Saturday 13 February 2010

FINALLY Richard Dawkins

Yesterday I finally, finally finished a book I've been reading since I went to Germany in August. It is by Richard Dawkins, and is called 'The Ancestor's Tale: Pilgrimage to the Dawn of Life'. Oh it is such a brilliant brilliant book. Here is his blurb because he says it better than I could ever paraphrase.

'The Ancestor's Tale is a pilgrimage: a journey of four billion years. We. modern human beings, are the pilgrims, and we are travelling back in time to seek out our ancestors. Simultaneously every living creature is setting off on its own journey with the same mission. Each pilgrim tells its tale along the way, and covers the processes involved in the unfolding of life on Earth.

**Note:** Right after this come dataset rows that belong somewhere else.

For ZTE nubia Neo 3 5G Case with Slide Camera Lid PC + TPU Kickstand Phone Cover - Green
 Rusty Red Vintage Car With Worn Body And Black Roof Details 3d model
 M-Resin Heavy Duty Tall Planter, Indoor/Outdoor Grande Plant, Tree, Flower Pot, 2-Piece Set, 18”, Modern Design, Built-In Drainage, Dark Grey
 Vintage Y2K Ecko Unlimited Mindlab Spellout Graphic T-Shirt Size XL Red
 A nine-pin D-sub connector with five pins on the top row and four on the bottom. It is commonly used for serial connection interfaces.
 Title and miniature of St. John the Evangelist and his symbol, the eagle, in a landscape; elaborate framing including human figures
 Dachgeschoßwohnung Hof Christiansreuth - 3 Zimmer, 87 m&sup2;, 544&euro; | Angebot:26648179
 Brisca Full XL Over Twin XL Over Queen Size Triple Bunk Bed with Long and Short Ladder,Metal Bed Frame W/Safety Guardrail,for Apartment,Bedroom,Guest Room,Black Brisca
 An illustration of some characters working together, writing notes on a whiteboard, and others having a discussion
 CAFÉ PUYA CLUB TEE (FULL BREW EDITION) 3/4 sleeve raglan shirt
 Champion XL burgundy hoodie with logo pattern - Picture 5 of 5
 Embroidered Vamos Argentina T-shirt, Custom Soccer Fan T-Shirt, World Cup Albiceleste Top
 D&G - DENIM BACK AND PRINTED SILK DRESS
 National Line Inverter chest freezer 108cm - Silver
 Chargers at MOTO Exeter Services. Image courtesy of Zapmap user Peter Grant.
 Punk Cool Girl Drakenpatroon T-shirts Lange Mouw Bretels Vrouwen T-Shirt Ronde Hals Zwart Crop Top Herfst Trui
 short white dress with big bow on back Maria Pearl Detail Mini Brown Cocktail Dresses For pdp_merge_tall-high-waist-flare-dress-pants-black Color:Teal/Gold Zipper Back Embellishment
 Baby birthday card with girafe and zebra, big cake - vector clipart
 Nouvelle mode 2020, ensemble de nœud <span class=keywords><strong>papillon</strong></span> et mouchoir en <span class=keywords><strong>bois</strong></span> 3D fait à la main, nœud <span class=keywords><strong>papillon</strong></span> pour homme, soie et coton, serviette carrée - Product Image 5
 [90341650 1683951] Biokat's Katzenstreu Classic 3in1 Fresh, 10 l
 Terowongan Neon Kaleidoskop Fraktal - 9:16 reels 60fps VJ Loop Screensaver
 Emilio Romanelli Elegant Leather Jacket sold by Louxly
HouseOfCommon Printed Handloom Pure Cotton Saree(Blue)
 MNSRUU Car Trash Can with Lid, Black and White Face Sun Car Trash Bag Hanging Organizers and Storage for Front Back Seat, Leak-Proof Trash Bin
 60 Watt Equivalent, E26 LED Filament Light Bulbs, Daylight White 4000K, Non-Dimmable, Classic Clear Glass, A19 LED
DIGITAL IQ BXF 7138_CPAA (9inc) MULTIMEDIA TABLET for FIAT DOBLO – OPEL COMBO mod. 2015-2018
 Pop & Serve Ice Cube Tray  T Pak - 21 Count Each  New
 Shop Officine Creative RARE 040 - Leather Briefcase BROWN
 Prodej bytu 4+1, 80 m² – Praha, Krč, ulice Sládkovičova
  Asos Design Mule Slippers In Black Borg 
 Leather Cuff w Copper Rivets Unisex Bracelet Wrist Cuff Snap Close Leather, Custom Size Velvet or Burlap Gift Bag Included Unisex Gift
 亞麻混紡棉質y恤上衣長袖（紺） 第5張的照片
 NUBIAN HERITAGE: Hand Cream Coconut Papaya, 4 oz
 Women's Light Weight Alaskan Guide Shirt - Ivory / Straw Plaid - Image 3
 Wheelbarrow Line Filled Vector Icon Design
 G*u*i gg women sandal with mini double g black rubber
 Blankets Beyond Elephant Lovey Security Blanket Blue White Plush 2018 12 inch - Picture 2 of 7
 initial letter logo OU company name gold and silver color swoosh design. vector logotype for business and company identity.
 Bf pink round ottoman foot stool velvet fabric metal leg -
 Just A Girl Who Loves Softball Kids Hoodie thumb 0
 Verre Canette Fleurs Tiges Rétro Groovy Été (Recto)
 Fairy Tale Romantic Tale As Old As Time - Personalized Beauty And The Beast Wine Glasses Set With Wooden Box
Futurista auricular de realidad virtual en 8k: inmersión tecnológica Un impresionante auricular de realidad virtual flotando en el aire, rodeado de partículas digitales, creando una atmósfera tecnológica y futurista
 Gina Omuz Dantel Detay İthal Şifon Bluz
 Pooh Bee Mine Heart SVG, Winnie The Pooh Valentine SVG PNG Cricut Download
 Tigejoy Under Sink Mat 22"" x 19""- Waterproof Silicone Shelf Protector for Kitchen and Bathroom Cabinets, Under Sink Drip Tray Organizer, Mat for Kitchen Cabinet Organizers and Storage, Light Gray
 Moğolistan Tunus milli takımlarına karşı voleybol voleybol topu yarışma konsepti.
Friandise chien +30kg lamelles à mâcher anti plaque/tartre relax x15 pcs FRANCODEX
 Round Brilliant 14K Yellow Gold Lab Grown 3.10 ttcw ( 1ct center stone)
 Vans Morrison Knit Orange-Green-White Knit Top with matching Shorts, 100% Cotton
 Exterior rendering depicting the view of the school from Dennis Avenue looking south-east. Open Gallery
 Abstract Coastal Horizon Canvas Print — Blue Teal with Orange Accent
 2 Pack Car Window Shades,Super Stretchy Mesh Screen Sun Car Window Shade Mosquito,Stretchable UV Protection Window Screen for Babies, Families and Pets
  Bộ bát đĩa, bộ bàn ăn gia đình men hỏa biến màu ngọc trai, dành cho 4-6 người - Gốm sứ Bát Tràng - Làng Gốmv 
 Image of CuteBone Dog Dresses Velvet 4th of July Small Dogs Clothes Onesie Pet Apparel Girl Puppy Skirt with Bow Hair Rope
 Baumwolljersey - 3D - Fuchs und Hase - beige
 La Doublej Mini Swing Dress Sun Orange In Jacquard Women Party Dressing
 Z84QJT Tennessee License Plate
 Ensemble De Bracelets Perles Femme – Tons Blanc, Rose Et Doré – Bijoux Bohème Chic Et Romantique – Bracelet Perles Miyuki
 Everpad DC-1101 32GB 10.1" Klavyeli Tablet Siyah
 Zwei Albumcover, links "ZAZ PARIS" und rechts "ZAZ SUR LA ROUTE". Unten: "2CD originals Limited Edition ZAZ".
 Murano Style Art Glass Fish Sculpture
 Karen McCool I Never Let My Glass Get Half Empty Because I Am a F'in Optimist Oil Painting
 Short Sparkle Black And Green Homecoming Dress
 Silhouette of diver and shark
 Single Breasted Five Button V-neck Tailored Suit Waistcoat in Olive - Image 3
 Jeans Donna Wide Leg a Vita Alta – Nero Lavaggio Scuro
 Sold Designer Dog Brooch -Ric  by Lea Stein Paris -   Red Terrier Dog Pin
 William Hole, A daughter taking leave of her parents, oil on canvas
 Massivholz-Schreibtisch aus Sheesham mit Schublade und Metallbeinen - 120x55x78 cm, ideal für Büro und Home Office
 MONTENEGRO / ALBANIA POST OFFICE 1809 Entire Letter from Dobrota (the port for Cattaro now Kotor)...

Onwards we go, squeezing precariously through mass extinctions. Eventually we pass that fundamental turning point for life on earth, the combining of a single celled protozoan-to-be with a bacterium to form a cell with a nucleus. Once we have done so, all living things take the final strecth of the pilgrimage together to the origin of life'

I've never read a book that makes me actually gasp out loud in amazement, there are just so many things you could never imagine about life. Dawkins bases his pilgrimage on Chaucer's Canterbury Tales, instead of the miller's tale there's the marsupial mole's tale, the barnacle's tale, the redwood's tale... He writes in such a beautiful, non-patronising way. It is science but not boring science. He even refers to The Subtle Knife, talks about the creatures that use seed pods for wheels, as a lovely aside.

I did get very bogged down near the end and strung it out for months - once it got to bacteria level I didn't understand very much. But still there were bits and wonderful pieces. The Ancestor's Tale is, I think, one of my all time best books I have ever read.